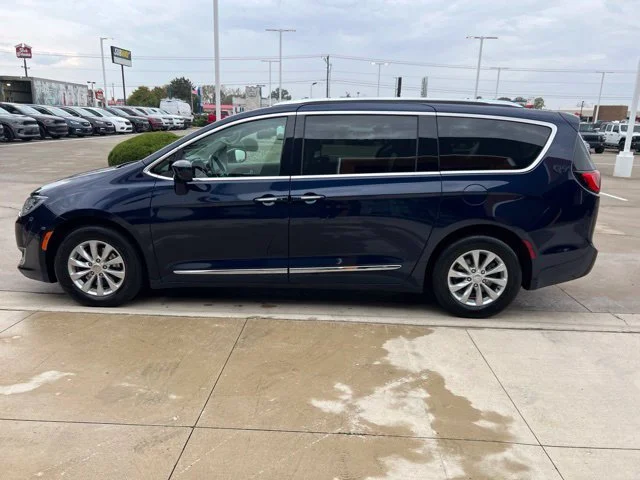 Used 2018 Blue Chrysler Touring L Plus image 6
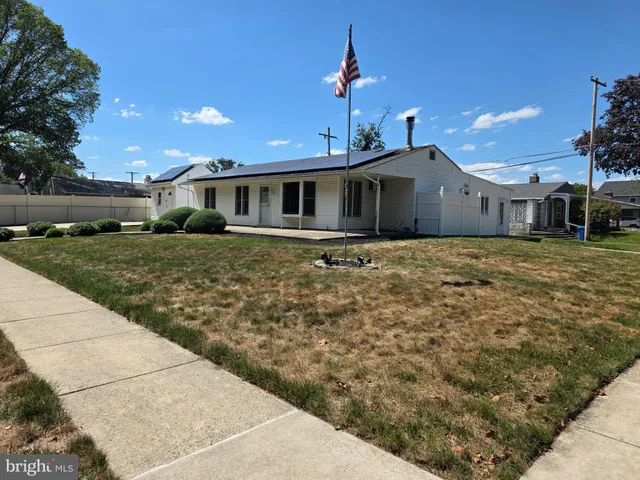 $385,000 | 1 Mistletoe Lane, Levittown, PA 19054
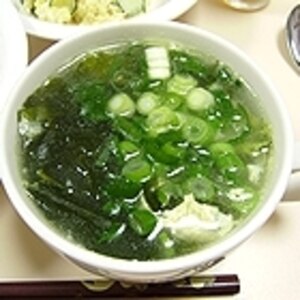 中華風♪白菜とわかめの卵スープ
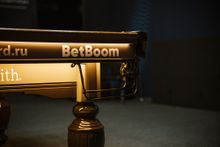 Бильярдный кий для русской пирамиды стол Weekend "Русский Гранд" (12 футов, 8 ног, 45мм камень) борта дуб, лузы премиум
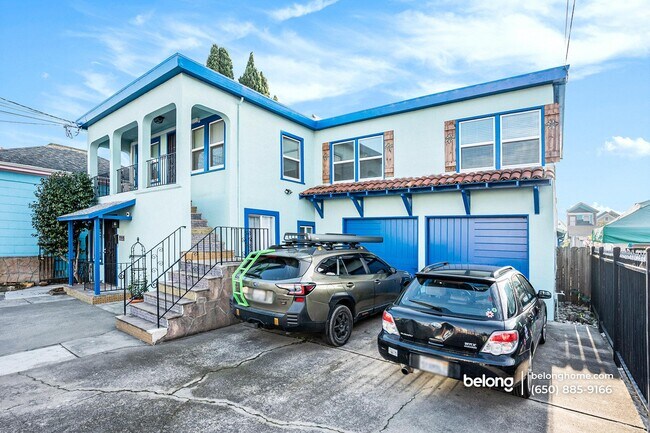 Photo - 831 E 17th St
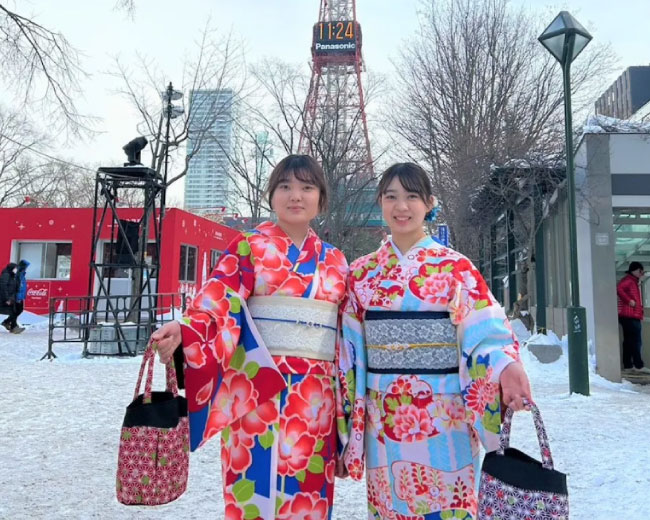 Kimono Rental and Strolling around Sapporo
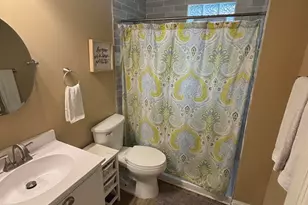 2570 N Oakland Ave, Milwaukee, WI 53211 - Photo 5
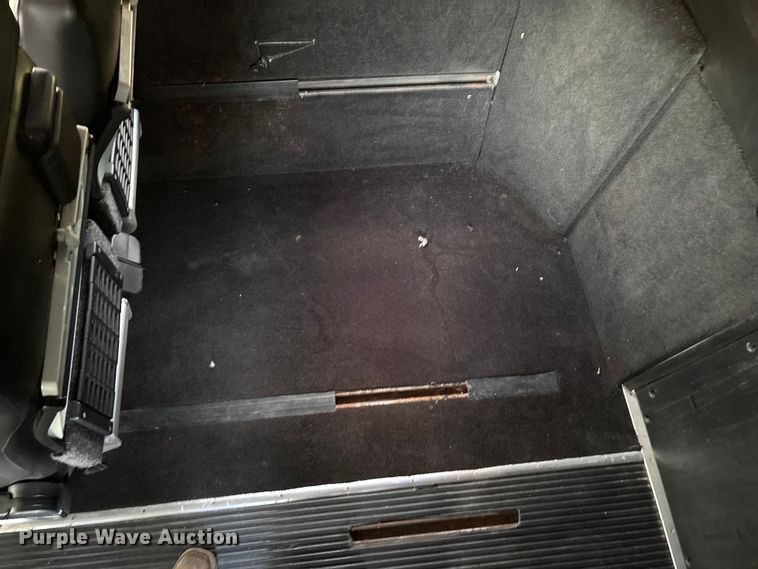 image for item ED2260 2008 Ford F-550 shuttle bus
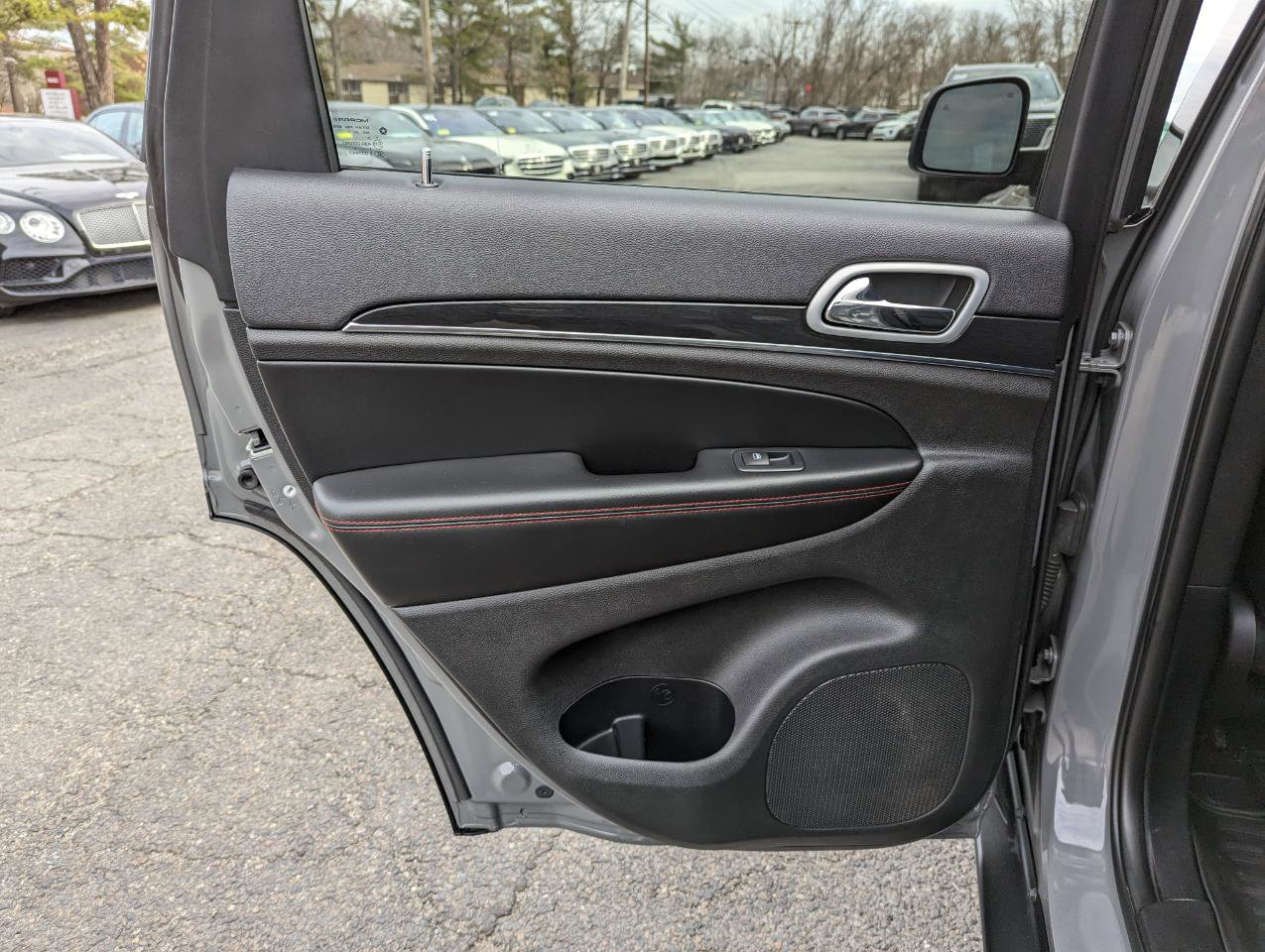 Used 2019 Jeep Grand Cherokee Trailhawk w/ Trailhawk Luxury Group AWD/4WD image 34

§ **Task details**:
Pictures do not belong in the copy. Repeat exactly each line from the one with "Kimono Rental and Strolling around Sapporo" through the end of the listing.

§ **Expected answer**:
 Kimono Rental and Strolling around Sapporo
 2570 N Oakland Ave, Milwaukee, WI 53211 - Photo 5
 image for item ED2260 2008 Ford F-550 shuttle bus
 Used 2019 Jeep Grand Cherokee Trailhawk w/ Trailhawk Luxury Group AWD/4WD image 34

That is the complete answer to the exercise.